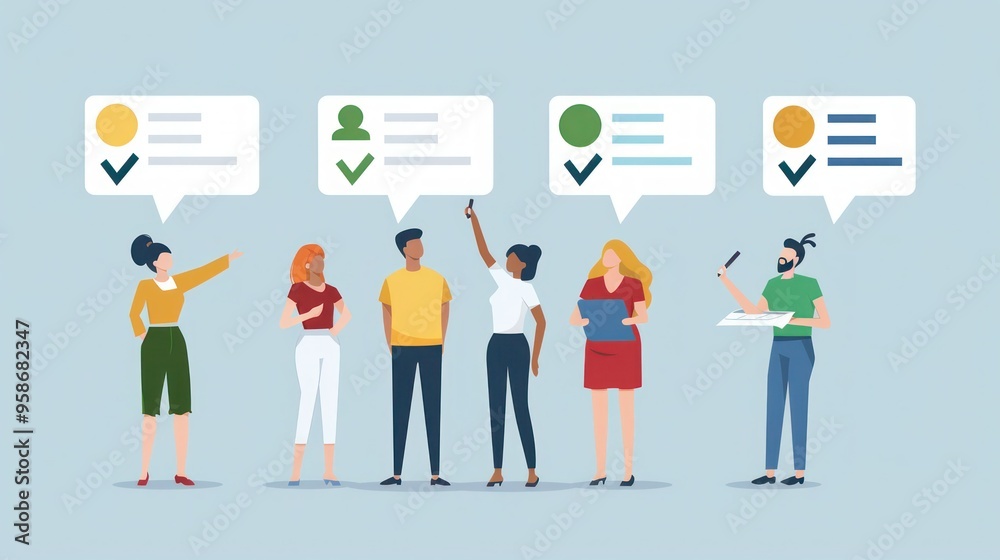 Illustration of a survey concept with diverse respondents giving feedback. Illustration of a survey concept with diverse respondents giving feedback.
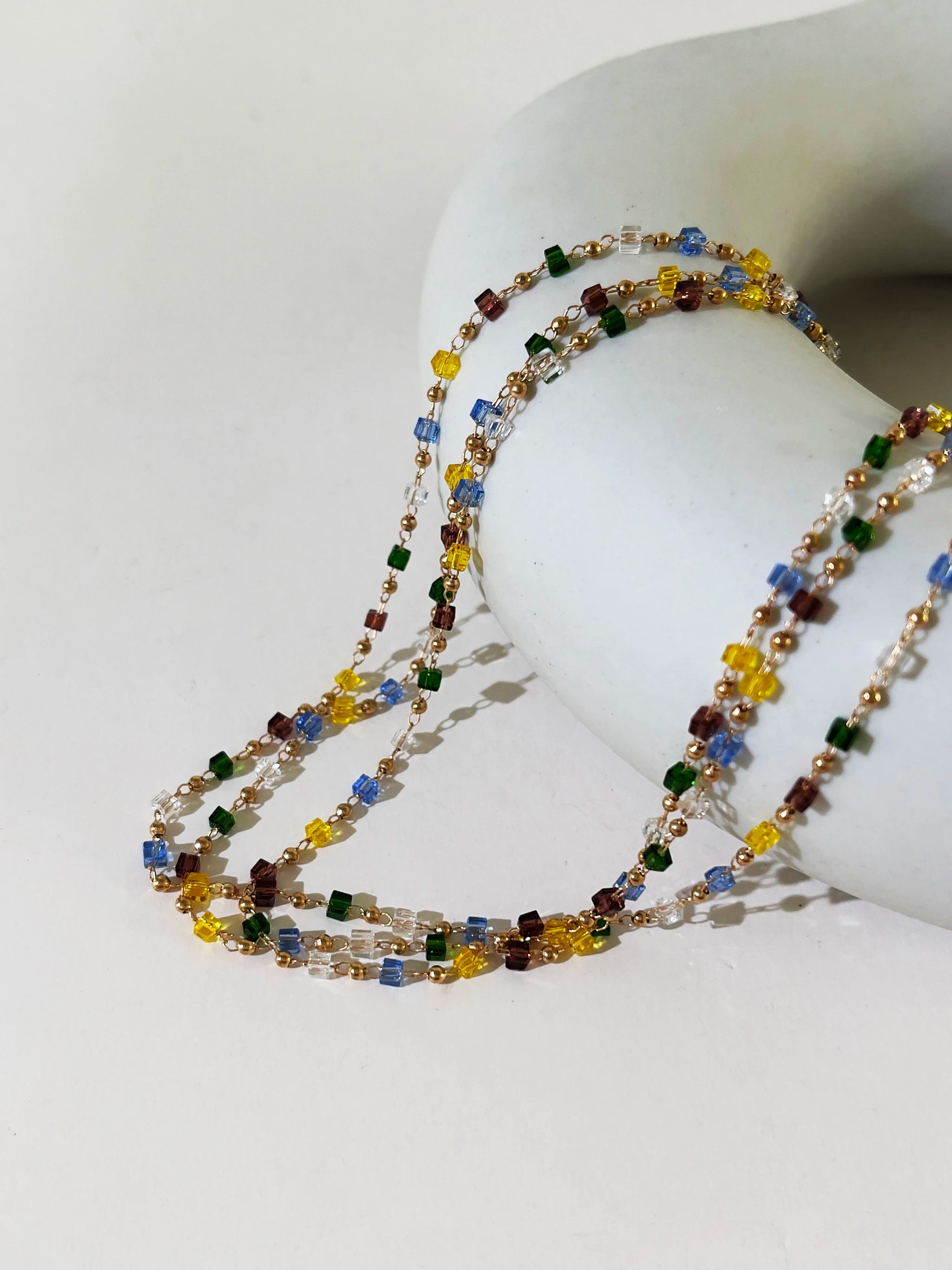 Rainbow Beaded Multi Necklace Vow Jewelry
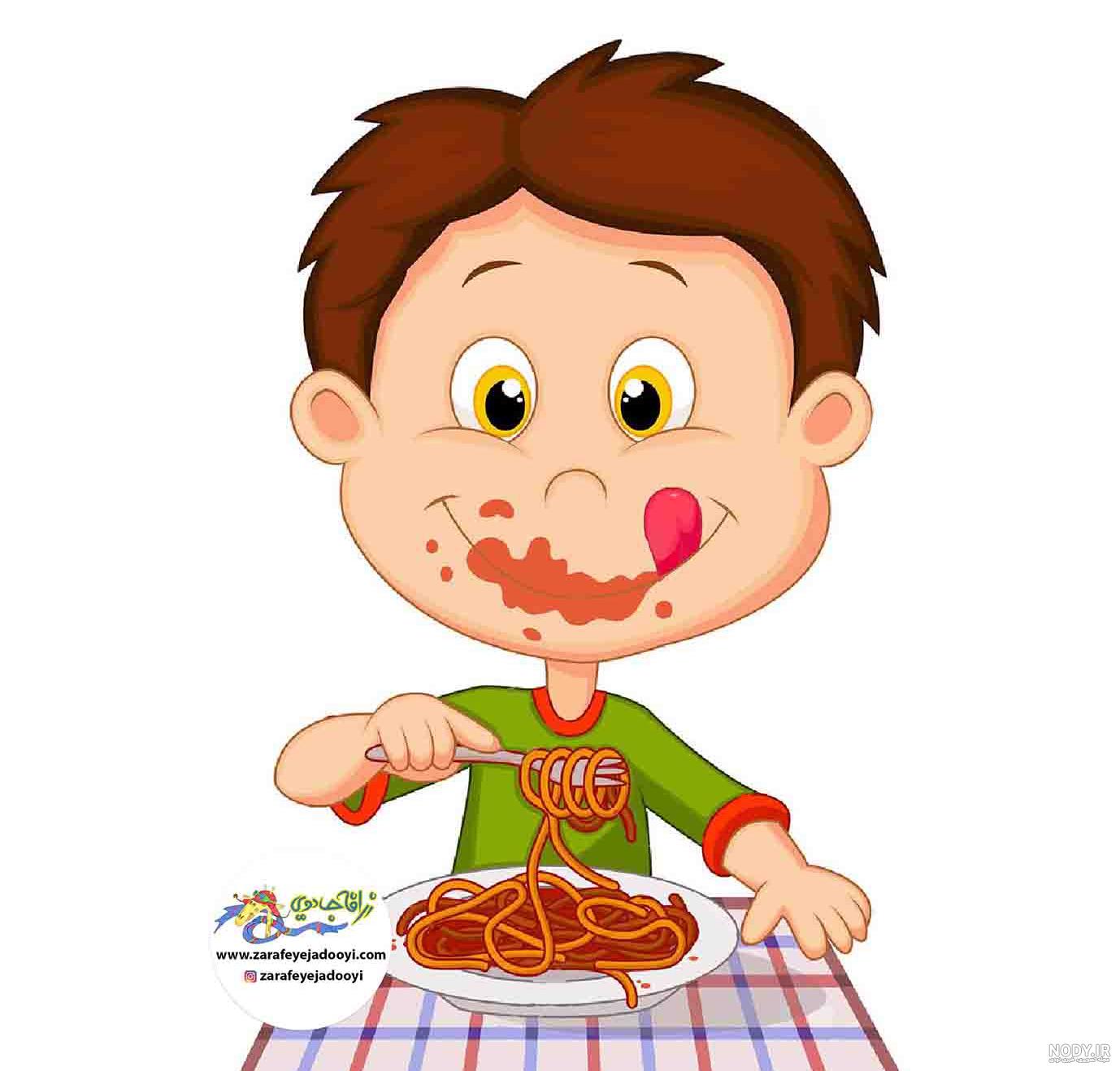 نقاشی غذا خوردن بچه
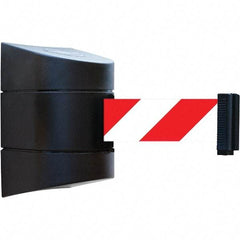Tensator - 5-1/2" High x 3-1/4" Long x 3-1/4" Wide Magnetic Wall Mount Barrier - Metal, Black Powdercoat Finish, Black, Use with Wall Mount - Exact Tool & Supply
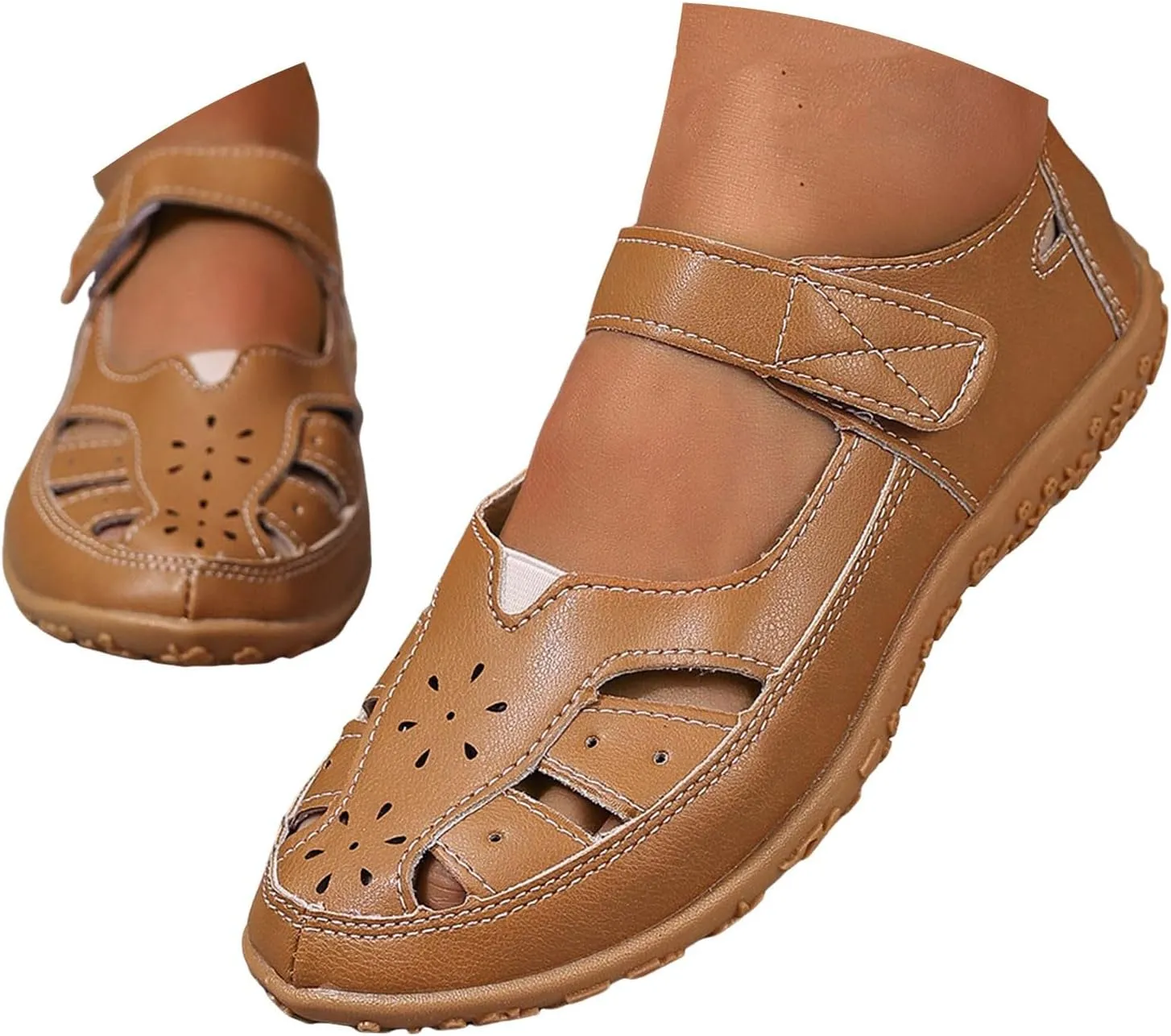Orthopedic Loafers for Women Summer Dressy 2025 Women's Casual Closed Toe Leather Sandals Comfortable Soft Sole Ankle Strap Orthotic Beach Party Wedding Shoes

....................

• Task description: Take the lines from the one holding "نقاشی غذا خوردن بچه" through the final line of the records above and output them exactly, both ends included, excluding pictures.

• Task result:
 نقاشی غذا خوردن بچه
Tensator - 5-1/2" High x 3-1/4" Long x 3-1/4" Wide Magnetic Wall Mount Barrier - Metal, Black Powdercoat Finish, Black, Use with Wall Mount - Exact Tool & Supply
Orthopedic Loafers for Women Summer Dressy 2025 Women's Casual Closed Toe Leather Sandals Comfortable Soft Sole Ankle Strap Orthotic Beach Party Wedding Shoes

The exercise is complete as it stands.